__DIRECTIONS__. Print the entries underneath word for word, omitting whatever pictures they contain.
== Segment start ==
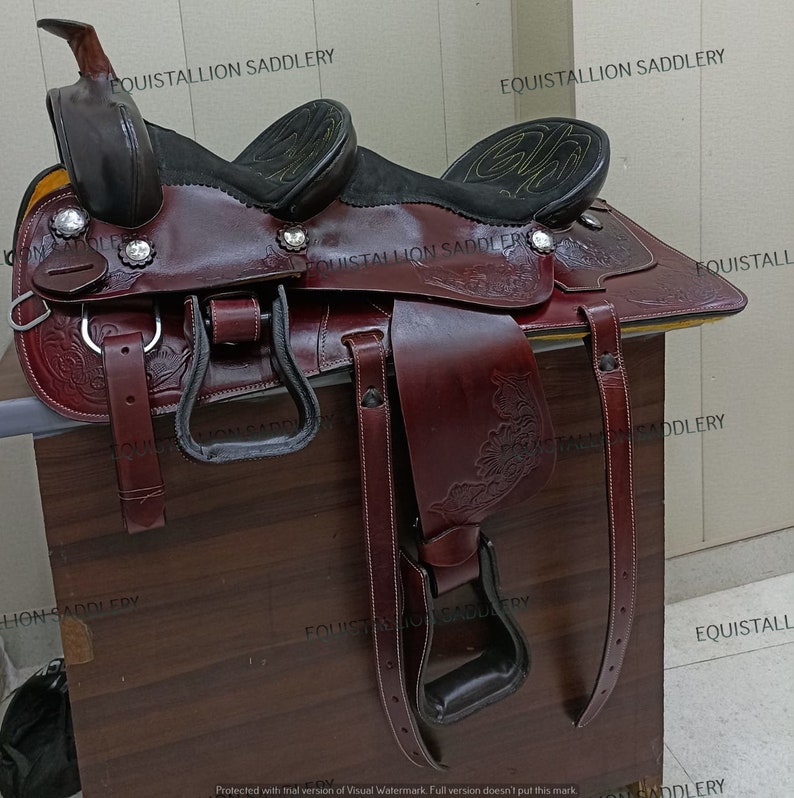 Puede incluir: Una silla de montar de cuero marr&oacute;n con intrincados detalles florales. La silla tiene un asiento negro y dos tapas de cuerno negras. La silla est&aacute; sobre una superficie de madera. El texto "EQUISTALLION SADDLERY" es visible en la silla.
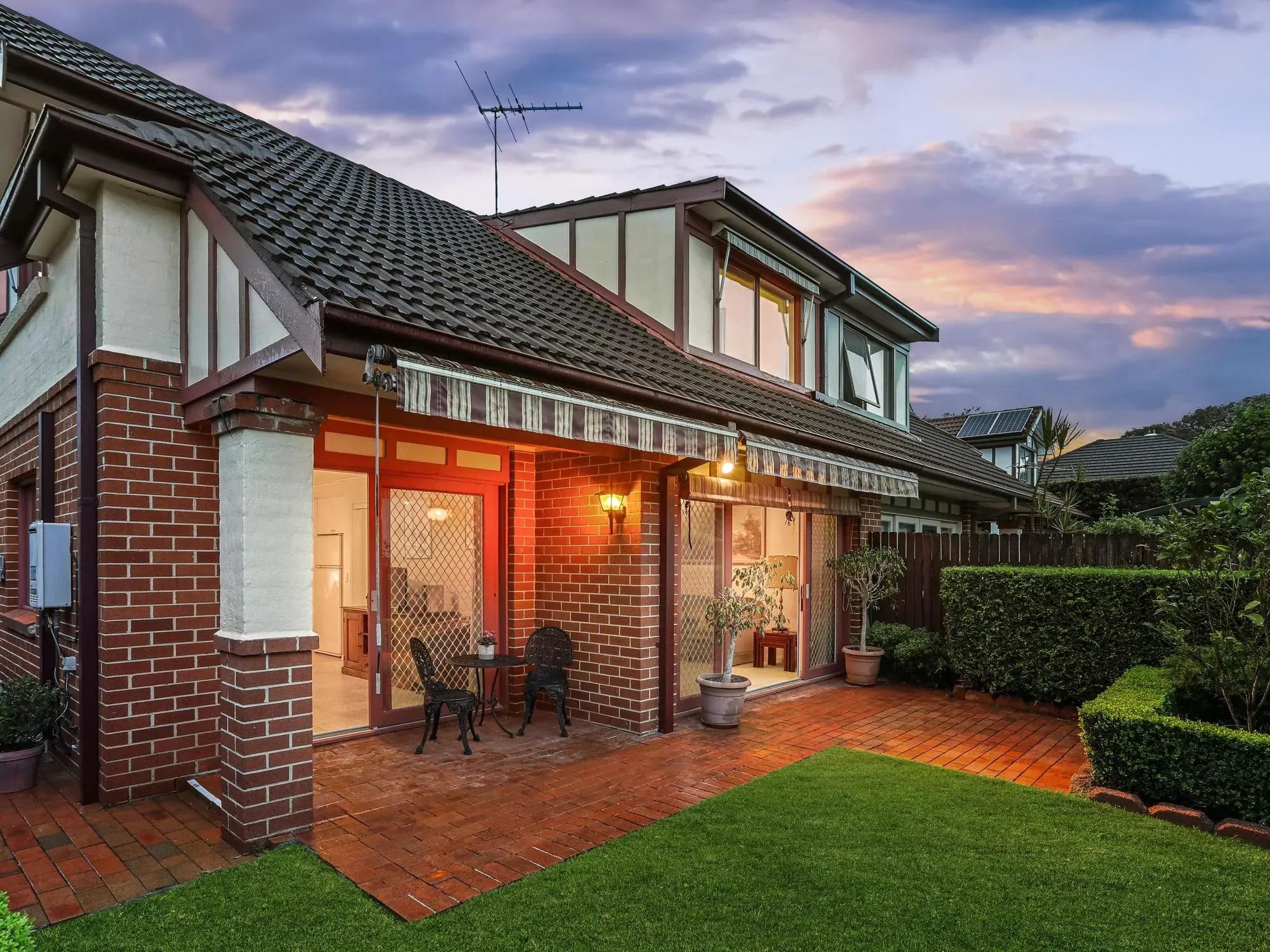 Brick house with an awning-covered terrace opening onto a courtyard lawn at dusk, Balgowlah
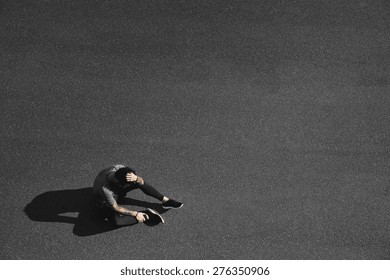Sport fitness man relaxing after training. Young male athlete resting sitting in asphalt after running and training exercise outside in summer. Caucasian man sports model.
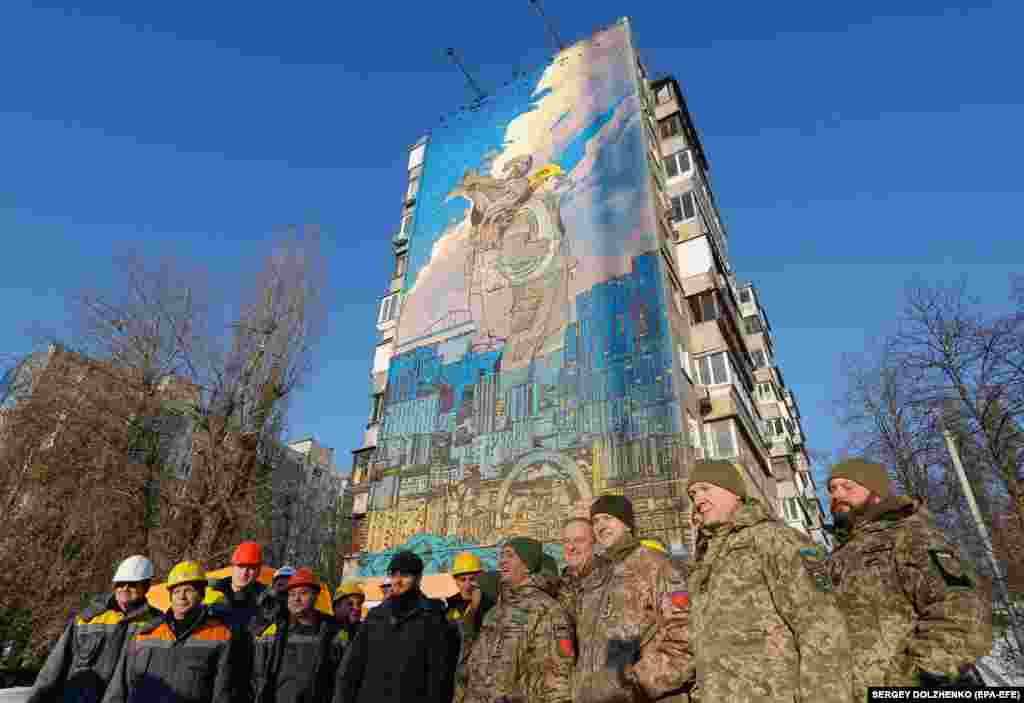 Ukrainian soldiers and energy workers stand in front of a mural dedicated to Ukrainian air defenses and energy workers in Kyiv.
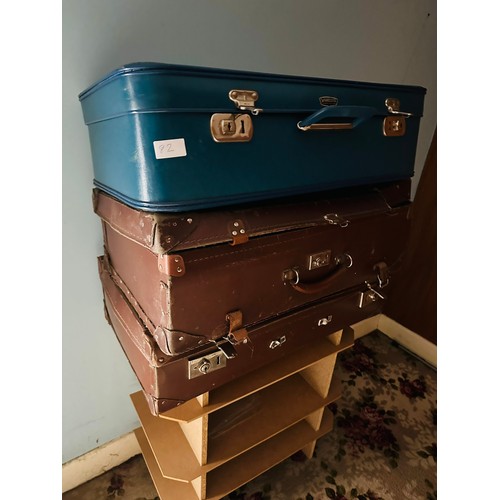 82 - A collection of 3 vintage suitcases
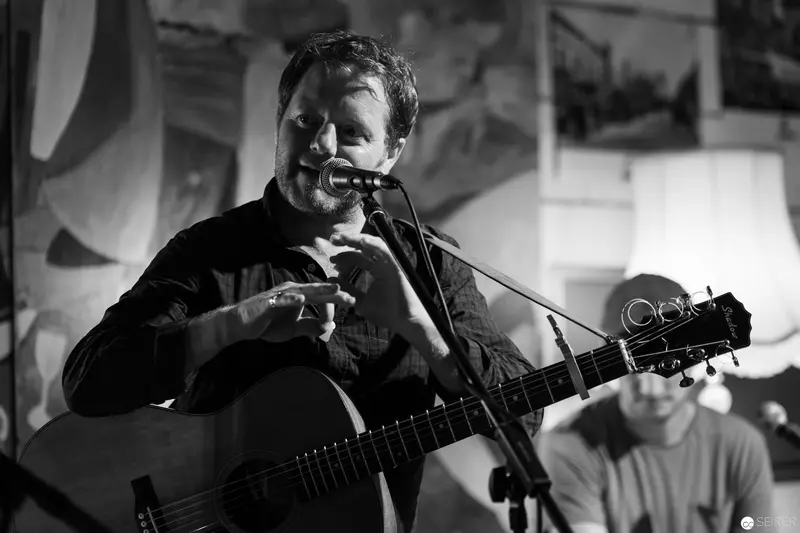 Acoustic Performer Singing with Intensity at Live Music Venue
== Segment end ==
__WRITTEN ANSWER__.
 Puede incluir: Una silla de montar de cuero marr&oacute;n con intrincados detalles florales. La silla tiene un asiento negro y dos tapas de cuerno negras. La silla est&aacute; sobre una superficie de madera. El texto "EQUISTALLION SADDLERY" es visible en la silla.
 Brick house with an awning-covered terrace opening onto a courtyard lawn at dusk, Balgowlah
Sport fitness man relaxing after training. Young male athlete resting sitting in asphalt after running and training exercise outside in summer. Caucasian man sports model.
 Ukrainian soldiers and energy workers stand in front of a mural dedicated to Ukrainian air defenses and energy workers in Kyiv.
 82 - A collection of 3 vintage suitcases
 Acoustic Performer Singing with Intensity at Live Music Venue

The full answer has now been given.